● Brief: Please repeat the records below exactly, skipping any pictures.
════
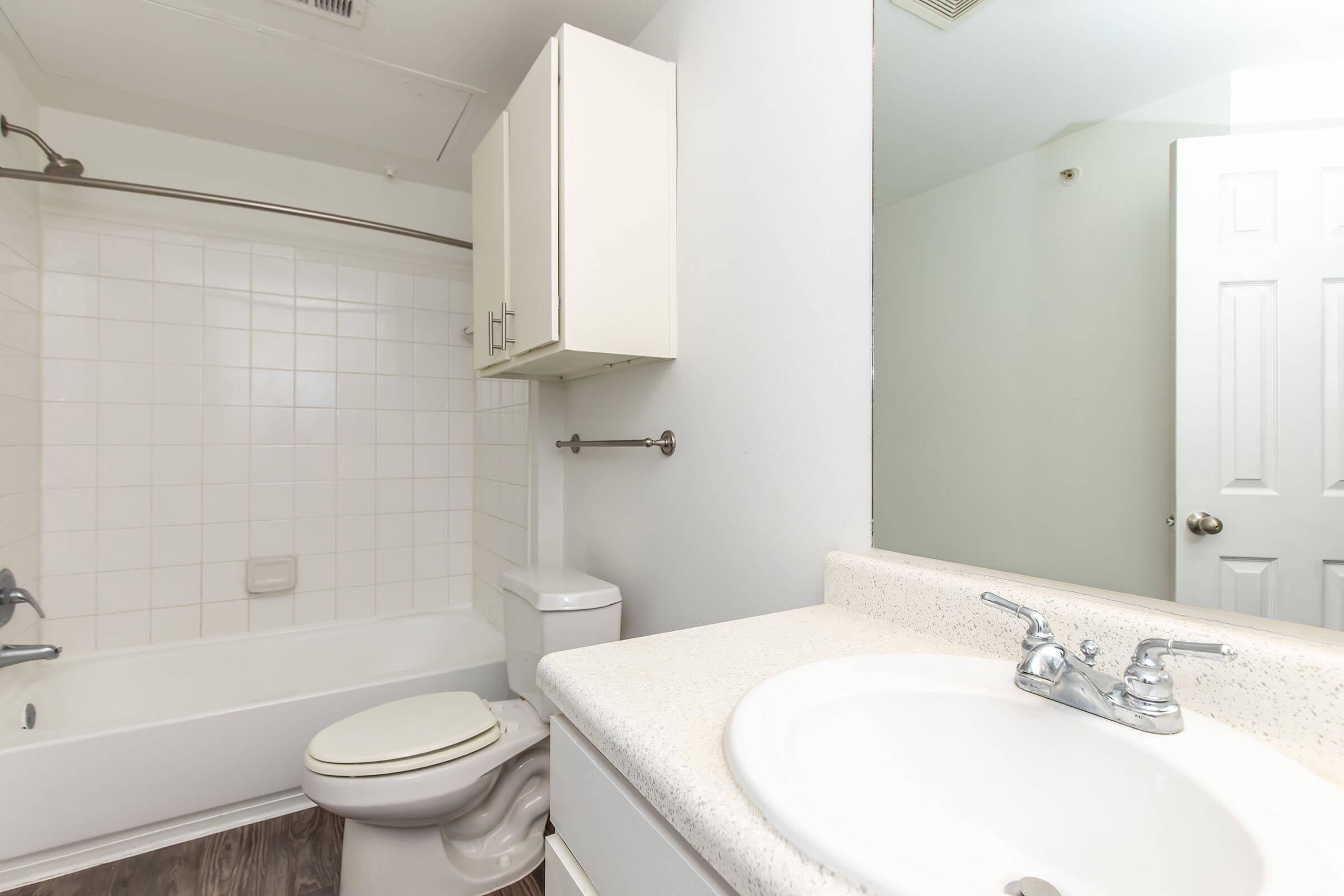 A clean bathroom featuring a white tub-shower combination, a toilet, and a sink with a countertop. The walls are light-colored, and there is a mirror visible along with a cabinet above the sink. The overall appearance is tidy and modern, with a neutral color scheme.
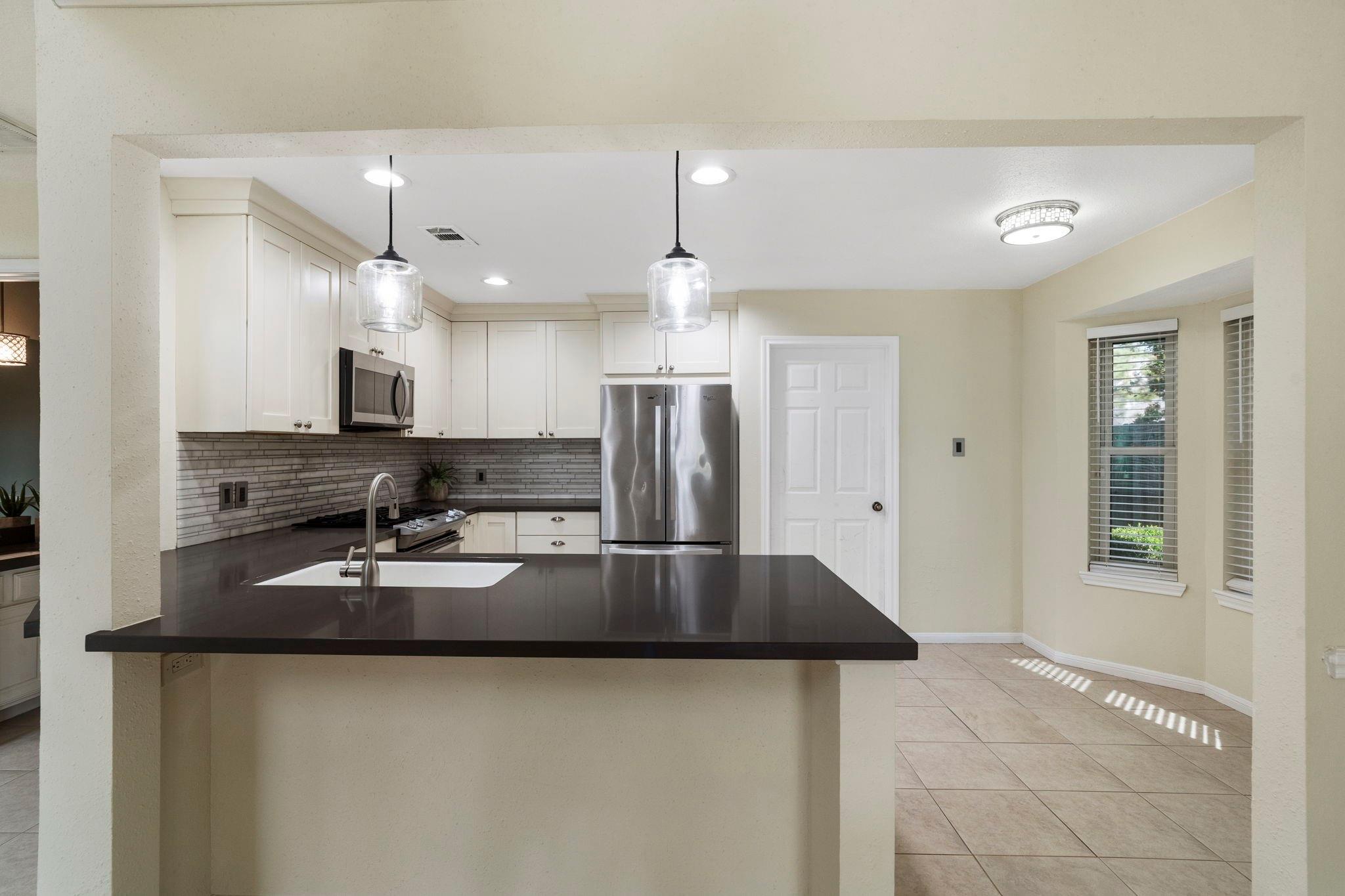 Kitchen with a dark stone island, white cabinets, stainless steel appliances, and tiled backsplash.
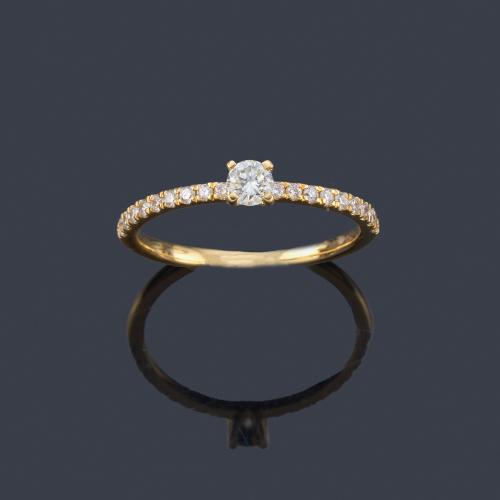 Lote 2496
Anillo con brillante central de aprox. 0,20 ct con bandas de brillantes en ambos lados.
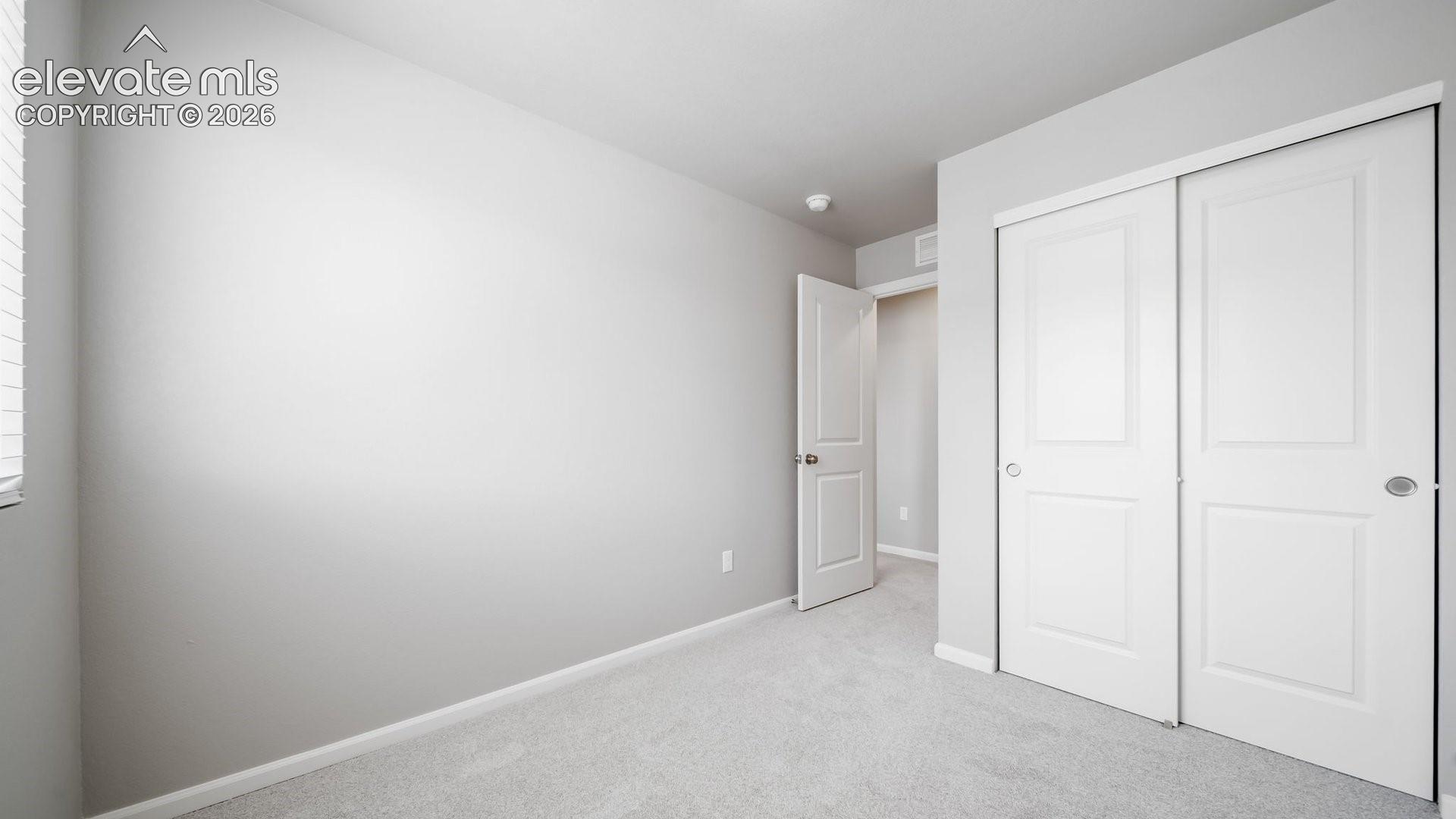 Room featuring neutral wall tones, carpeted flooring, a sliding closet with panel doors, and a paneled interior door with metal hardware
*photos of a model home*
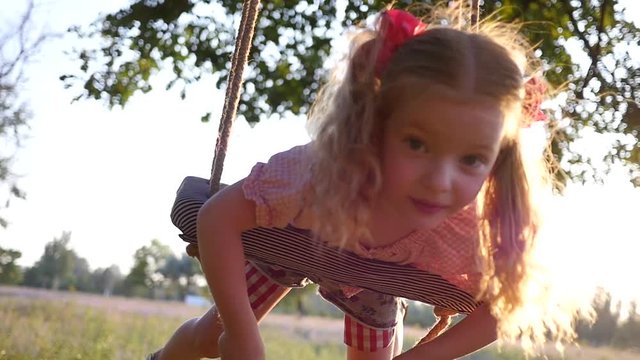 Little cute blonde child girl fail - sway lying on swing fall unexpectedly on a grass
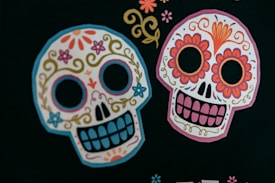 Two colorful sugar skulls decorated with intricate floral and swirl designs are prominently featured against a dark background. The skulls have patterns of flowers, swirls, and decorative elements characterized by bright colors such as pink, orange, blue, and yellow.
════
● Expected answer:
 A clean bathroom featuring a white tub-shower combination, a toilet, and a sink with a countertop. The walls are light-colored, and there is a mirror visible along with a cabinet above the sink. The overall appearance is tidy and modern, with a neutral color scheme.
 Kitchen with a dark stone island, white cabinets, stainless steel appliances, and tiled backsplash.
 Lote 2496
Anillo con brillante central de aprox. 0,20 ct con bandas de brillantes en ambos lados.
 Room featuring neutral wall tones, carpeted flooring, a sliding closet with panel doors, and a paneled interior door with metal hardware
*photos of a model home*
 Little cute blonde child girl fail - sway lying on swing fall unexpectedly on a grass
 Two colorful sugar skulls decorated with intricate floral and swirl designs are prominently featured against a dark background. The skulls have patterns of flowers, swirls, and decorative elements characterized by bright colors such as pink, orange, blue, and yellow.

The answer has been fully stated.